Eastern Sun
- Type: Daily newspaper
- Owner(s): Aw Kow
- Founder(s): Aw Kow
- Founded: July 17, 1966
- Ceased publication: May 16, 1971; 54 years ago

= Eastern Sun =

Defunct daily newspaper in Singapore

Eastern Sun was an English-language newspaper that ran from 1966 to 1971 in Singapore. In 1971, Eastern Sun was exposed for having ties to a communist agency in Hong Kong, and that they would be paid to not oppose the People's Republic of China on major issues and would remain neutral on minor ones.

== History ==
Eastern Sun was founded in 1966 by Aw Kow, the son of Tiger Balm founder Aw Boon Haw, using HK$3 million that he borrowed from a communist news agency based in Hong Kong. In return, Aw had to repay the loan at a "ridiculously low rate interest of 0.1 percent per annum".

Soon after the newspaper started, they faced financial problems. From January 1967 to March 1968, communist officials gave Aw another HK$1.2 million, but with an added condition that he must appoint their representative as an adviser to the newspaper.

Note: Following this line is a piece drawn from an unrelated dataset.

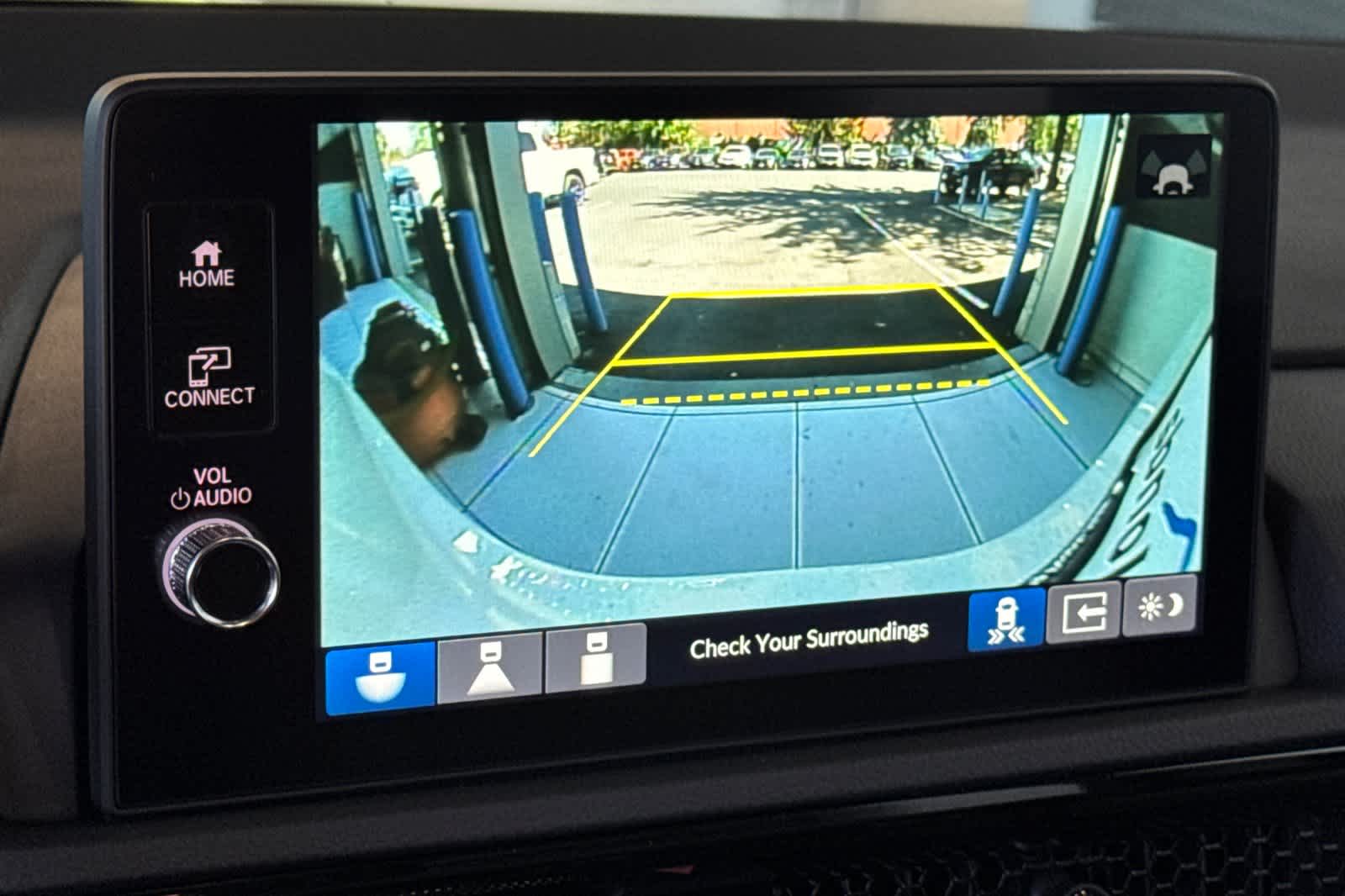 Thumbnail: 2026 Honda CR-V - 22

In 1971, Eastern Sun and The Singapore Herald were both discovered to have been run using foreign funding and were accused by Prime Minister Lee Kuan Yew on May 11 of having been involved in "black operations" through the biased news that they published. On 13 May 1971, Eastern Sun stated that they had been "unfairly lumped" with The Singapore Herald.

On 15 May 1971, the government released a statement saying that loans totaling HK$1.2 million had been made by a "Communist intelligence organization in Hong Kong" to Aw. The government also stated that in all, Aw received up to HK$7.2 million in 1968.

On 18 May 1971, after these accusations, the Eastern Sun shut down due to their editor-in-chief, Sam Krishniah, and six other senior expatriate staff leaving the newspaper.

== Aftermath ==
The shutting down of Eastern Sun and The Singapore Herald, along with Nanyang Siang Pau, led to the Newspaper and Printing Presses Act 1974 to prevent foreign ownership of Singapore newspapers.

In 2019, Minister of Home Affairs K. Shanmugam used the Eastern Sun and The Singapore Herald as examples in Parliament to explain the need of barring foreigners from controlling or funding Singapore newspapers.